Blistering emulsion driving me nuts.

Caporegime
Joined
8 Jan 2004
Posts
33,042
Location
Rutland
Moved into a new house a month and a bit ago, started decorating having very minimal past experience.

I've hit a problem with the first room. Tried to paint over the matt white emulsion on the walls with some Dulux matt. A few raised areas came up, put a second coat on to see if they'd be noticeable and more came up.

Small blisters around 5-10mm came up. When you poke them it all comes away leaving bare plaster board.

I've scraped all the worst areas back to plaster, sanded and put some Dulux plaster sealant then polyfilla on which does the trick for that area, but then when I wipe the walls down to paint bubbles come up in the untreated areas without fail.

Anyone come across this before? Am I just going to end up completely stripping the walls back to plaster?
 
If you're painting straight onto plaster you need to use a coat of watered down white emulsion first so that it sticks properly. There are products that help create a sticky layer however that should do the trick - give it a quick google :)
 
I'd tried just pairing on the old emulsion first which isn't working as it just blister.

Trying to decide weather to strip the whole room back to plaster or just keep treating the troublesome areas.
 
Could you try test the plaster by painting water on the bare plaster? If it's not getting absorbed pretty quickly then the plaster has been sealed - usually with pva. Probably best asking in a decent diy place on how to get the paint to stick.
 
I had this where we stripped wood chip off and was lazy and left some of the latent glue on the board. Had to make sure we washed all the paste off the next time.

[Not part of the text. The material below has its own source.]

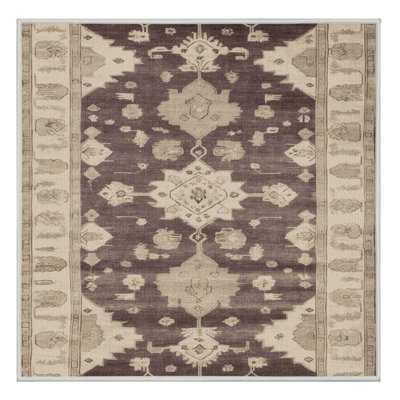 Machine Washable Overdyed Beige Area Rug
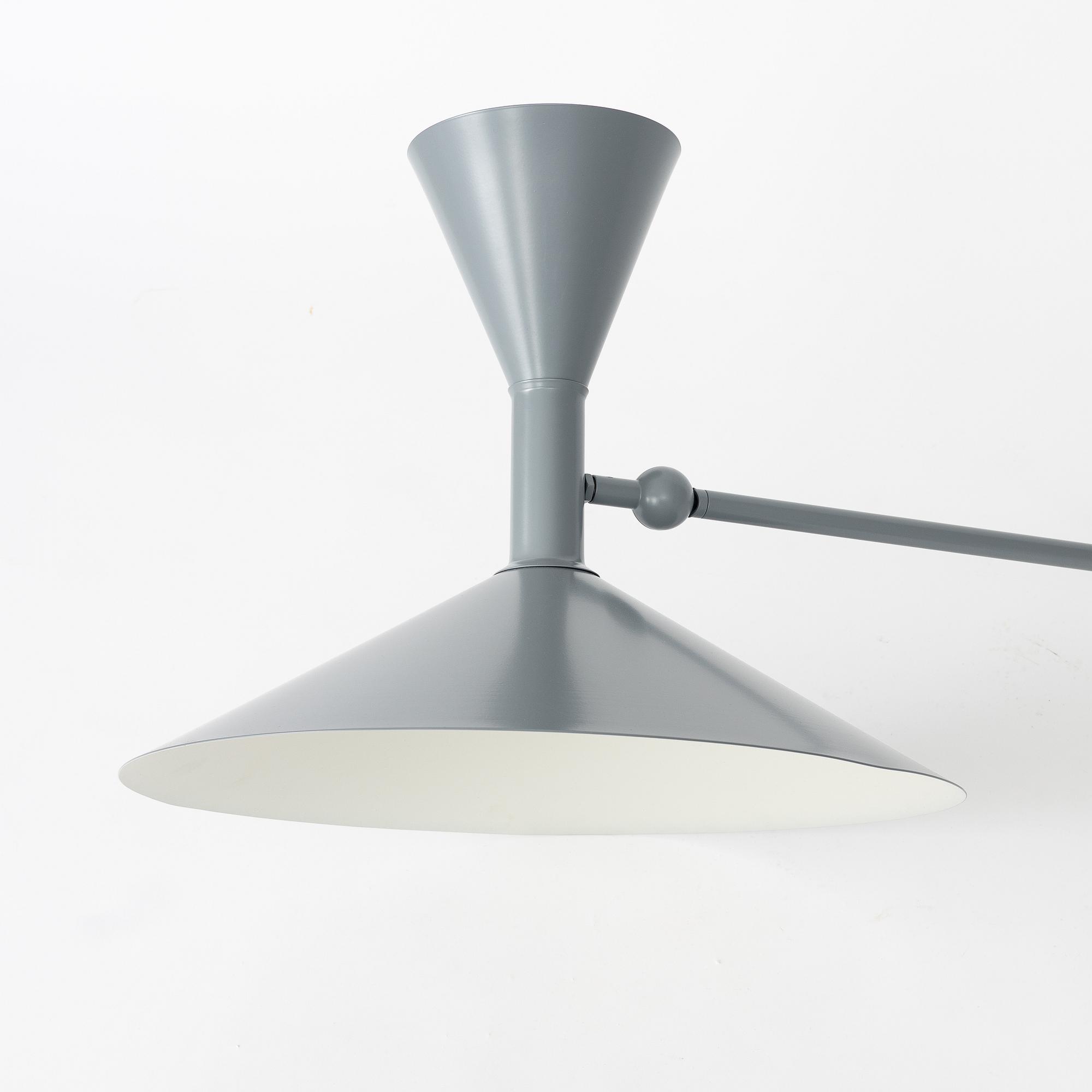 Le Corbusier (Charles-Édouard Jeanneret), Wall lamp, 'Lampe de Marseille', Nemo Lighting.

We used green scouring pads and changing the water over and over again.
 
Had something like this earlier in the year but it could be different.

The wet paint I was putting on was causing the old paint (which was actually new from the last owners a year before) to swell up as bubbles as it wasn't bonded to the plaster behind properly. Attacking the old paint more vigorously with a palette knife resulted in it coming off in huge sheets with traces of black mould between the plaster and paint sheet.

Much paint stripping, scrubbing and sealing of plaster later it has two coats of silk paint on which seems to have bonded well this time
 
Can you not pva the wall, or certainly a test area let it dry then paint
Can't paint onto PVA.
Although thinking about it, what is wrong in putting a latex based paint onto pva'd wall?

I've heard something about different types of paint don't react well to each other, need a pro painter to confirm though.